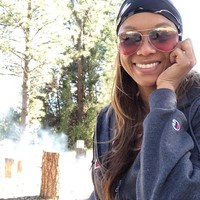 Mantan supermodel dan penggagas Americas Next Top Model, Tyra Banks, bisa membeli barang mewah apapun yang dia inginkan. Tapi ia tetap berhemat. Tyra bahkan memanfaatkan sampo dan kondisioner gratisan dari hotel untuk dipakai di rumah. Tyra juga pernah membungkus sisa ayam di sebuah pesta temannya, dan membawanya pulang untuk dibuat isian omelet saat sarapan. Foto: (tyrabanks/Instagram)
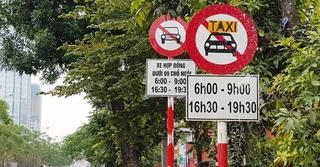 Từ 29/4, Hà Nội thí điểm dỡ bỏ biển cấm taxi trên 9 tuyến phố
• • • • •
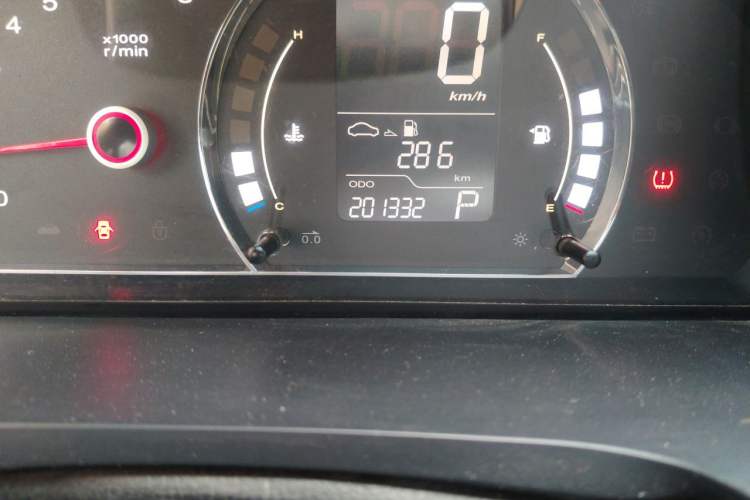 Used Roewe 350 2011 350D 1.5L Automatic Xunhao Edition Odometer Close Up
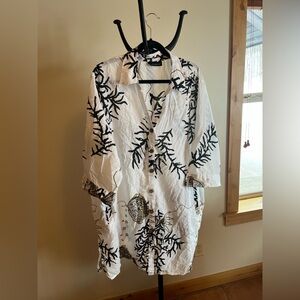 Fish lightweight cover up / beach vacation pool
• • • • •
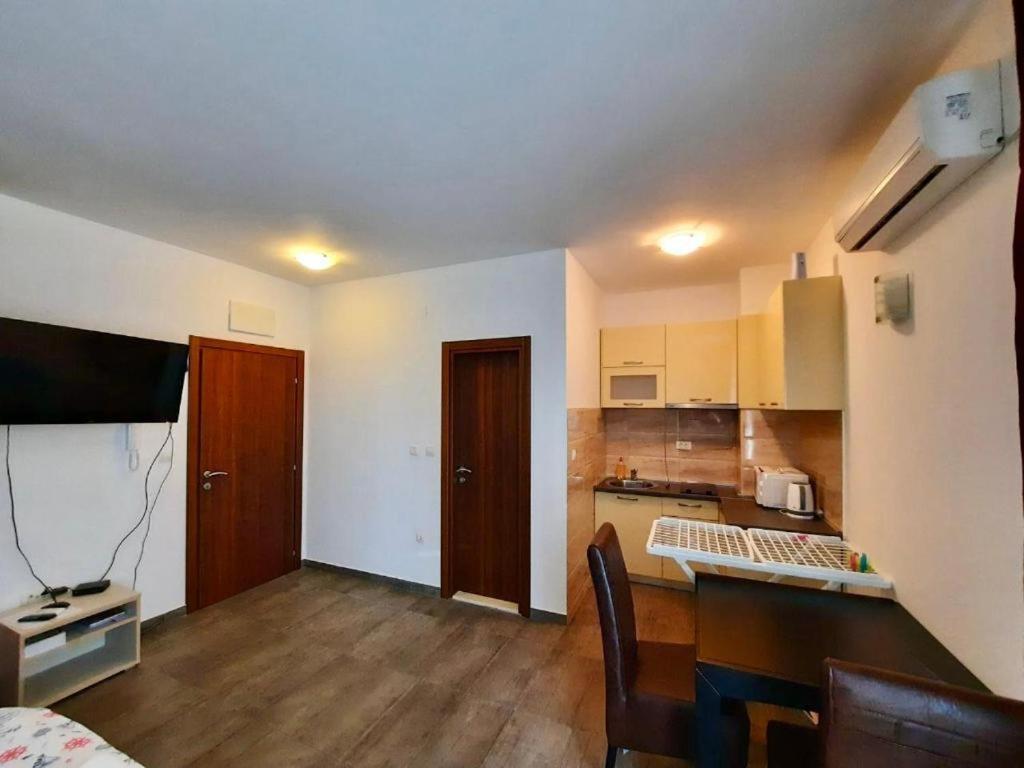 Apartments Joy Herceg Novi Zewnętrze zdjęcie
• • • • •
The lines to set down run from the line with "Mantan supermodel dan" up to and including the line with "Từ 29/4, Hà" in the entries above. Reproduce them exactly, with no pictures.

 Mantan supermodel dan penggagas Americas Next Top Model, Tyra Banks, bisa membeli barang mewah apapun yang dia inginkan. Tapi ia tetap berhemat. Tyra bahkan memanfaatkan sampo dan kondisioner gratisan dari hotel untuk dipakai di rumah. Tyra juga pernah membungkus sisa ayam di sebuah pesta temannya, dan membawanya pulang untuk dibuat isian omelet saat sarapan. Foto: (tyrabanks/Instagram)
 Từ 29/4, Hà Nội thí điểm dỡ bỏ biển cấm taxi trên 9 tuyến phố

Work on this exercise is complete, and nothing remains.